**YOUR GOAL**
Pictures aside, write out the data exactly as it reads.

**STORED DATA**
************
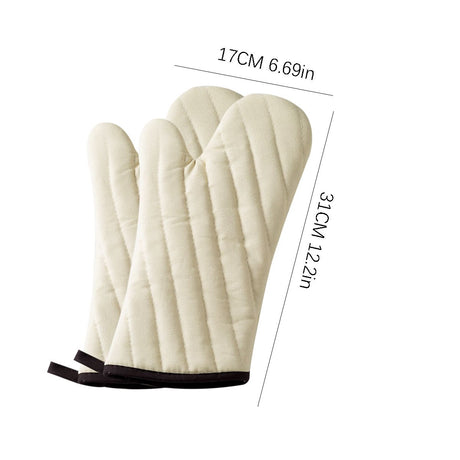 Quilted Cotton  Oven Mitts for Baking, BBQ, and Cooking Protection, Heat-Resistant Gloves for Kitchen and Grill, Comfortable Grip, Machine Washable, Reusable,  1 Pair beige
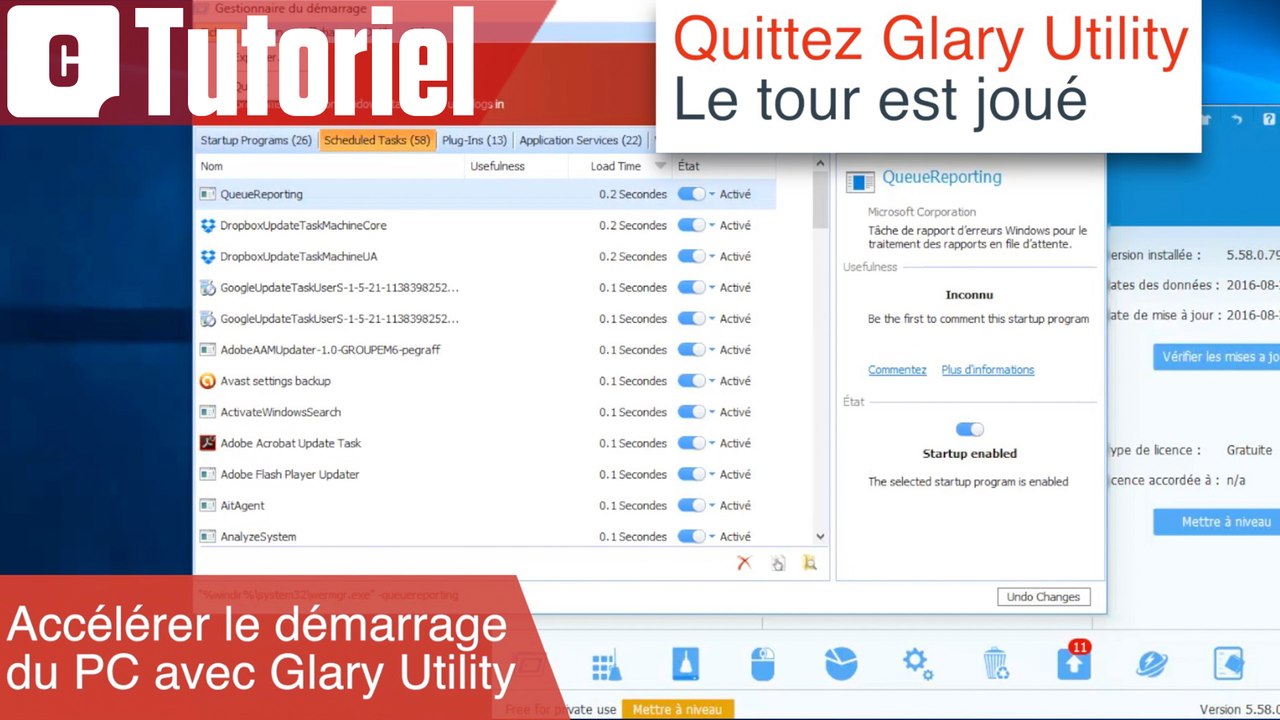 Tuto Glary Utility : comment accélérer la vitesse de démarrage de son PC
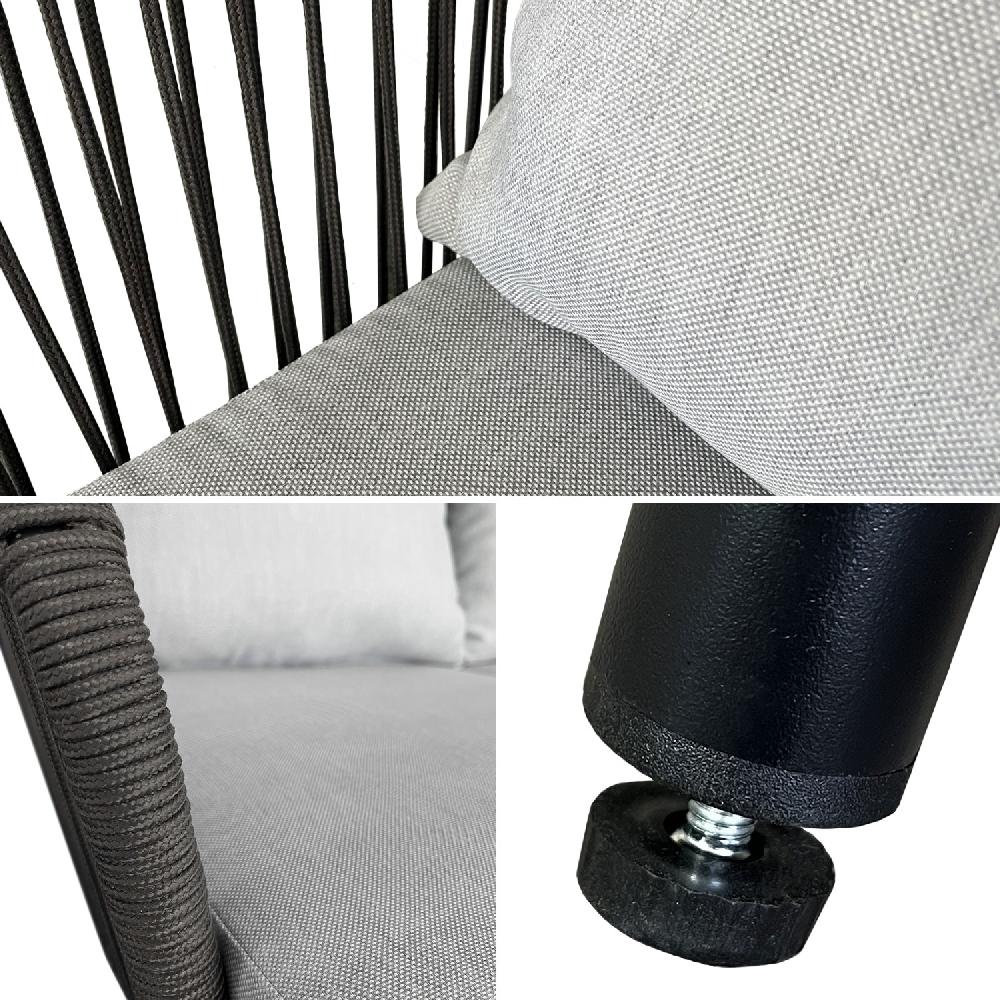 Conjunto De Muebles De Jardín De Cuerda OUVÉA Gris Claro 4 Asientos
************
**ANSWER AREA**
 Quilted Cotton  Oven Mitts for Baking, BBQ, and Cooking Protection, Heat-Resistant Gloves for Kitchen and Grill, Comfortable Grip, Machine Washable, Reusable,  1 Pair beige
 Tuto Glary Utility : comment accélérer la vitesse de démarrage de son PC
 Conjunto De Muebles De Jardín De Cuerda OUVÉA Gris Claro 4 Asientos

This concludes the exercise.